Every potential buyer should be able to meet the parents, see where the puppies have been raised, see where the parents live. This has always been the standard among registered breeders for time immemorial… yet lately this is changing among some French Bulldog breeders. They claim that their home is their private space and not open to the “general public” (i.e. puppy buyers), or that they don’t want potential thieves knowing where their dogs are kept so they won’t allow anyone to know their address. As a puppy buyer, I would be very suspicious about any of those claims. People NEED to see where the pups have been raised, to be reassured it’s not in some disease ridden hovel of a puppy farm. Opening your home to the public is part of the package when you become a dog breeder, but some of the new Frenchie breeders don’t seem to understand that.

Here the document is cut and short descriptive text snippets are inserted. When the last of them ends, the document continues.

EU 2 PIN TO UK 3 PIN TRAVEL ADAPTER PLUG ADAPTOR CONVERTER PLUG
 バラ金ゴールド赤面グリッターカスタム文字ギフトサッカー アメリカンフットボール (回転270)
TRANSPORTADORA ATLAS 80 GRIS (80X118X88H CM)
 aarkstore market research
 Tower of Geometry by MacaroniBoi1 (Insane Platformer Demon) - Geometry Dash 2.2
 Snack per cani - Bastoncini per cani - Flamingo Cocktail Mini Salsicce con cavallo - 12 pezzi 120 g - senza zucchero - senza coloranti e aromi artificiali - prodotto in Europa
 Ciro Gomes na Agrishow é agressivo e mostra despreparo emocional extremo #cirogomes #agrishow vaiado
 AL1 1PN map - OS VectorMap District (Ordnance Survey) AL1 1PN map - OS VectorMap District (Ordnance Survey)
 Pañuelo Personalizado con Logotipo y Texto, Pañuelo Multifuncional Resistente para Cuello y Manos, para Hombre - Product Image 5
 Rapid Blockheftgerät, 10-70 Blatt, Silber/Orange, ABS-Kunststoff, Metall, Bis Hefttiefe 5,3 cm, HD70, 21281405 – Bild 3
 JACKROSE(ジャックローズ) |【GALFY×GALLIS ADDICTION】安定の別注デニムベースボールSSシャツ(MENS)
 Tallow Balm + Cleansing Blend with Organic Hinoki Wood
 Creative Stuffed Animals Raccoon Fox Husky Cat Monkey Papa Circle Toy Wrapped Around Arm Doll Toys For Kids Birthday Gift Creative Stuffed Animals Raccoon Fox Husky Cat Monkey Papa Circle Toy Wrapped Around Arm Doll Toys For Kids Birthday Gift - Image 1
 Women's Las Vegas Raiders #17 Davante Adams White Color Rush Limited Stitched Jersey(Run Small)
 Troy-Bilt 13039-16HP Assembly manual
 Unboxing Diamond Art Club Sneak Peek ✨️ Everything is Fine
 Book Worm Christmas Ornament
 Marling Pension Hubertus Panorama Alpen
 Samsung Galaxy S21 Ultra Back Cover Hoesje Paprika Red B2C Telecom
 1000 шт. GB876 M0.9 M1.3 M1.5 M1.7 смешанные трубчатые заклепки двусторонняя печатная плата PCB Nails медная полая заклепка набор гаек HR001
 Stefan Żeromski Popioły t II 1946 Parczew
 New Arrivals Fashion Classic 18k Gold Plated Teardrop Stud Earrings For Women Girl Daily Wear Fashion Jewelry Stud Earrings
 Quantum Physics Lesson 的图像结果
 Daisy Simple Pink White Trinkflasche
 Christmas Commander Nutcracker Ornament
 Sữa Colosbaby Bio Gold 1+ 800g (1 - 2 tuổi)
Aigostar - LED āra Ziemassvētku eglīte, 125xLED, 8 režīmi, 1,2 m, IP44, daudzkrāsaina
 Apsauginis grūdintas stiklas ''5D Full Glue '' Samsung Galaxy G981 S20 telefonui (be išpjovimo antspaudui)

Every one of us wants to “bag a bargain” in life, but when buying a puppy this is certainly one time that the old adage “you get what you pay for” applies. There is very often a good reason why some French Bulldog puppies are a lot cheaper than others. Be cautious about those breeders selling for $2,000 or less. And be doubly cautious about buying cheap pups online, interstate or overseas. Overseas puppies CANNOT simply fly into Australia… it’s AT LEAST a 6 month process, often much longer than that. And it costs… tens of thousands of dollars… and that’s even when you’re lucky enough to get a real puppy and not an imaginary one. Scammers are flocking to the internet, especially for Frenchies, and placing adverts for non-existent puppies. These frauds are difficult to trace and even harder to prosecute, as they often originate overseas where the laws are different or non-existent when it comes to internet fraud. Puppy farmers are also using the internet as a great platform for selling their puppies interstate, knowing people can’t come to their home to see the puppies or the conditions they were raised in. With the volume of French Bulldog puppies being bred all around the country, there’s no reason why anyone can’t find a good registered breeder near them; where they can meet the puppies. A breeder they can go to if they have issues, someone they can call upon for advice and assistance with that puppy for years to come. Often these ethically bred pups will be more expensive than the cheapest options online, but in this instance you want quality, not a bargain.